Janine é diretor de avaliação da Capes, entidade encarregada de julgar a qualidade acadêmica das universidades brasileiras.

O professor não defende a pena de morte, mas entende sua lógica. No ano passado, uma pesquisa do Datafolha mostrou que 51% dos brasileiros desejam uma lei que permita a execução de bandidos. A Corte Suprema dos Estados Unidos restabeleceu-a em 1976. Admitindo-se que essa penalidade existisse no Brasil e fosse administrada de acordo com os critérios da Justiça americana, é possível que só o motorista do carro que arrastou João Hélio arriscaria perder a vida. O bandido de 16 anos, por menor, estaria expressamente a salvo da pena capital. Toda vez que se organiza uma mesa-redonda para discutir o sistema penal brasileiro sem a presença de um defensor da pena de morte exerce-se um piedoso patrulhamento que mutila o debate e mascara as execuções feitas por policiais e milicianos.

A ética de Janine é assustadora quando ele diz que no caso dos quatro bandidos a pena de morte "é pouco", pois torce para que os bandidos paguem, na cadeia, "de modo demorado e sofrido".

Falta definir "sofrido", mas não falta conhecer como se sofre nas cadeias brasileiras, comandadas por quadrilhas de bandidos. Cada pessoa disposta a desejar que um delinqüente seja submetido aos sofrimentos estipulados pela "Lei da Massa", ou "do Cão" pode escolher uma pena cumulativa, com base na vida real. A escolha é livre.

"E eles batiam no senhor? (...) E esculacharam? Estupraram o senhor?" "Fizeram tudo. Me esculacharam, tiraram minha roupa todinha. Fizeram besteira comigo. (...) Tem um mês que estão me esculachando, e tudo." (Diálogo extraído do trabalho "Oficina do Diabo", do sociólogo Edmundo Campos Coelho.)

Admita-se que o estupro sistemático de presos faça parte do mundo das penitenciárias. Há também a chantagem contra irmãs, mulheres e mães que vão visitar os cárceres. Em alguns casos, cobra-se dinheiro ou serviços para a quadrilha. Em outros, sexo.
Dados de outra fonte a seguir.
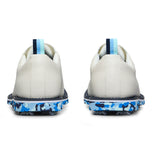 G/Fore G/Lock Camo Sole Leather Gallivanter Golf Shoes - Snow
Preso sem dinheiro é obrigado a trabalhar para os outros e a assumir a responsabilidade por crimes alheios. Vira "robô". Em alguns casos, mata por encomenda. Há casos de "robôs" com mais de dez homicídios dentro da prisão.

Nas penitenciárias controladas pelos comandos, vigoram os códigos das quadrilhas, movidos a dinheiro. Mesmo que os assassinos de João Hélio fossem retalhados vivos, a torcida haveria de se decepcionar. Qualquer que fosse a paga demorada e sofrida, ela nada teria a ver com a indignação dos homens de bem. Seria apenas um gesto destinado a intimidar bandidos que tumultuam os negócios das quadrilhas e do tráfico. Seria uma iniciativa destinada a fortalecer a bandidagem, enfraquecendo a lei.

Janine colocou "em xeque" a idéia de que o Estado não deve torturar o criminoso, mas não propôs a entrega de bandidos à Lei do Cão. Fica uma dificuldade: só ela inclui a tortura na sua lista de penas. Pelo Código Penal, tortura é crime inafiançável.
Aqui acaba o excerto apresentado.